本发明涉及检测技术领域,特别是涉及一种痕量探测设备。
气相色谱-离子迁移谱联用技术不仅有效地利用气相色谱对复杂样品突出的分离能力,同时还有效地利用离子迁移谱装置灵敏度高,不仅可以解决气相色谱装置低鉴别能力和离子迁移谱装置对混合物进行检测时存在的交叉灵敏度低和分辨低的问题,而且还可获取色谱保留时间信息,因此能够有效地对成分复杂的样品进行精确的分辨和简单定量,使得该技术非常适用于复杂环境中有毒有害气体和其它违禁物品的检测、预警。
然而,现有的气相色谱-离子迁移谱联用技术要么对复杂成分的分辨能力差,要么检测时间长,因此难以同时满足现场复杂检测环境和复杂被检目标的快速检测需求和精确检测需求。
发明内容
本公开的一个目的旨在解决现有技术中存在的上述问题和缺陷的至少一个方面。
根据本公开的实施例,提供了一种痕量探测设备,包括:离子迁移管,所述离子迁移管被配置成检测样品;采样气路模块,所述采样气路模块被配置成采集样品;进样气路模块,所述进样气路模块被配置成将包含所述采样气路模块所采集的样品的样品载气朝着所述离子迁移管引导;以及气相色谱装置,所述气相色谱装置能够将所述样品载气进行预分离,以形成预分离的样品载气;其中,所述进样气路模块还被配置成能够在第一模式与第二模式之间切换,在所述第一模式下,所述进样气路模块将所述样品载气导入所述离子迁移管;以 及在所述第二模式下,所述进样气路模块将所述样品载气导入所述气相色谱装置以对所述样品载气进行预分离,经预分离的样品载气被导入所述离子迁移管。

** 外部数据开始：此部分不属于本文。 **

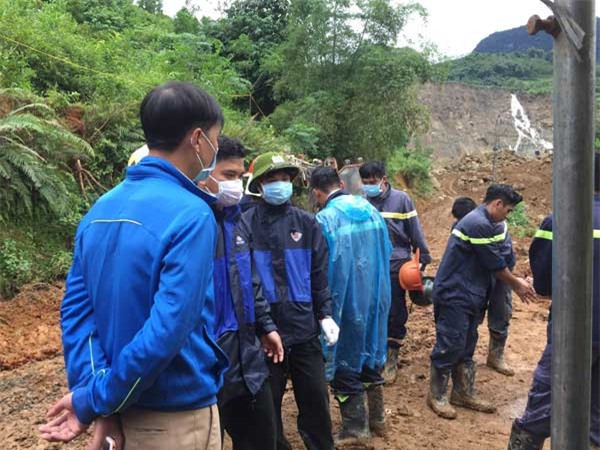 tim duoc 2 thi the, 1 nua nguoi va canh tay trong vu sat lo dat o hoa binh - 6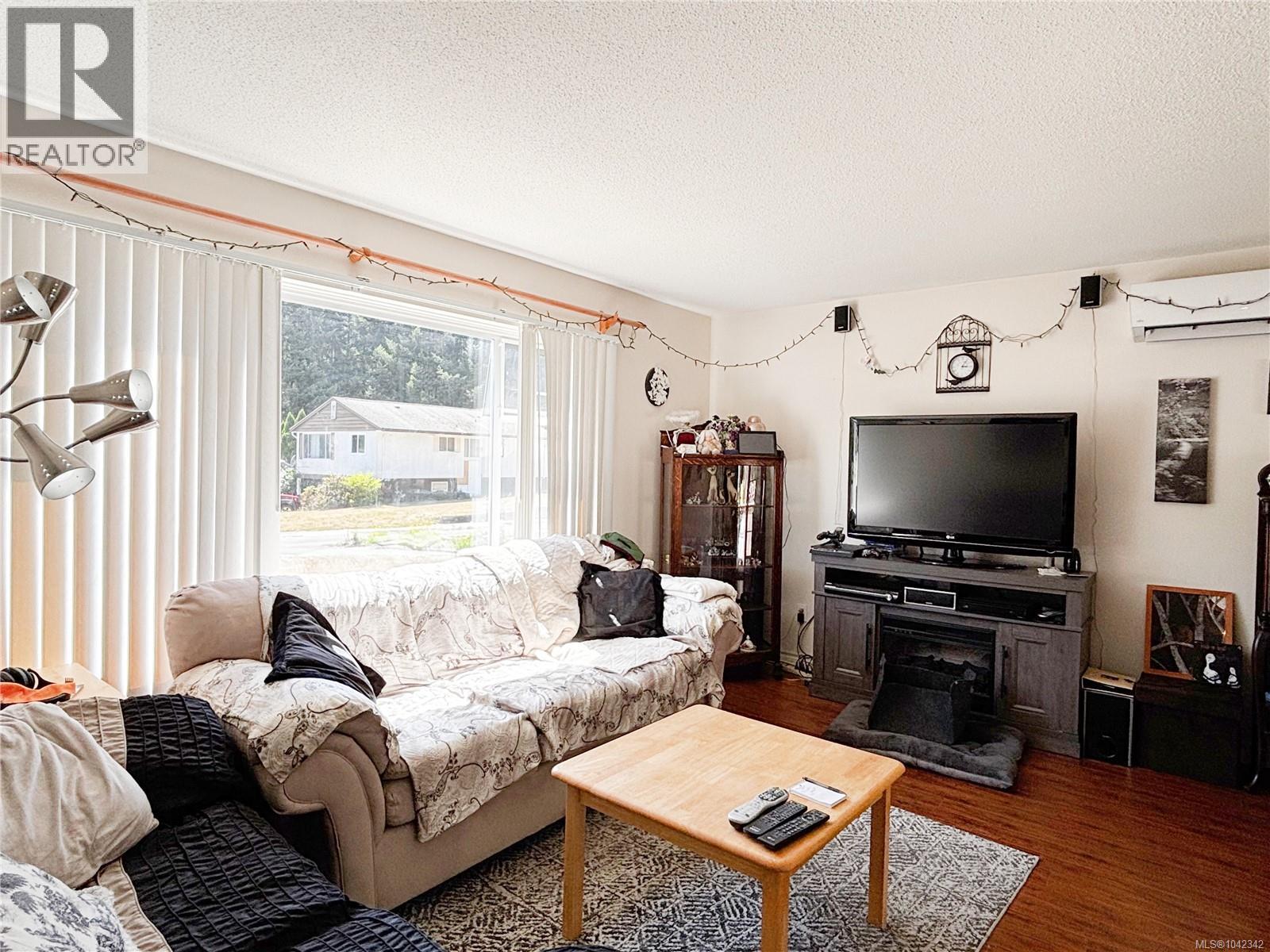 Residential in Gold River 4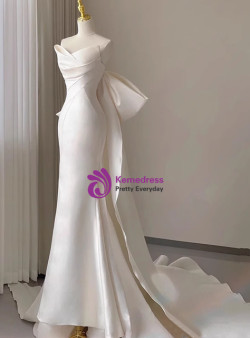 White Satin Strapless Pleats Wedding Dress With Bow White Satin Strapless Pleats Wedding Dress With Bow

在一些实施例中,所述进样气路模块包括进样主气路模块以及并联的第一进样支路模块和第二进样支路模块,所述并联的第一进样支路模块和所述第二进样支路模块串联于所述进样主气路模块,所述气相色谱装置设置在所述第二进样支路模块上;所述痕量探测设备还包括第一三通阀,所述第一三通阀的第一端口与所述进样主气路模块流体连通,所述第一三通阀的第二端口与所述第一进样支路模块流体连通,所述第一三通阀的第三端口与所述第二进样支路模块流体连通,并且所述第一三通阀被配置成在所述第一模式下,仅允许所述样品载气从所述进样主气路模块流向所述第一进样支路模块,以及在所述第二模式下,仅允许所述样品载气从所述进样主气路模块流向所述第二进样支路模块。
在一些实施例中,所述痕量探测设备还包括增压气路模块,所述增压气路模块被配置成向所述第二进样支路模块的上游导入增压气体。
在一些实施例中,所述增压气路模块的进口端与所述进样主气路模块的位于所述采样气路模块的上游的部分流体连通,以接收来自所述进样主气路模块内的气体用作增压气体。
在一些实施例中,所述痕量探测设备还包括泵,所述泵用于驱动来自所述离子迁移管的排出气进入所述增压气路模块。
在一些实施例中,所述采样气路模块包括采样头和采样管,所述痕量探测设备还包括第四三通阀,所述第四三通阀的第一端口与所述采样管的入口流体连通,所述第四三通阀的第二端口与所述进样主气路模块流体连通,所述第四三通阀的第三端口与所述采样头流体连通,并且所述第四三通阀被配置成在采样状态下仅允许气体从所述采样头流向所述采样管,以及在进样状态下仅允许气体从所述进样主气路模块流向所述采样管。
在一些实施例中,所述第四三通阀和所述第一三通阀为两位三通电磁阀。
在一些实施例中,所述采样头包括针状和吸盘状。
在一些实施例中,所述痕量探测设备还包括吸气清洁气路模块,所述吸气清洁气路模块的进口端与所述采样管的出口流体连通,所述吸气清洁气路模块的出口端与外界环境流体连通,所述吸气清洁气路模块上设置有第一净化过滤器,并且所述吸气清洁气路模块被配置成在吸气清洁状态下抽吸外界环境中的空气依次通过所述采样头和所述采样管,然后经所述第一净化过滤器过滤后排 出。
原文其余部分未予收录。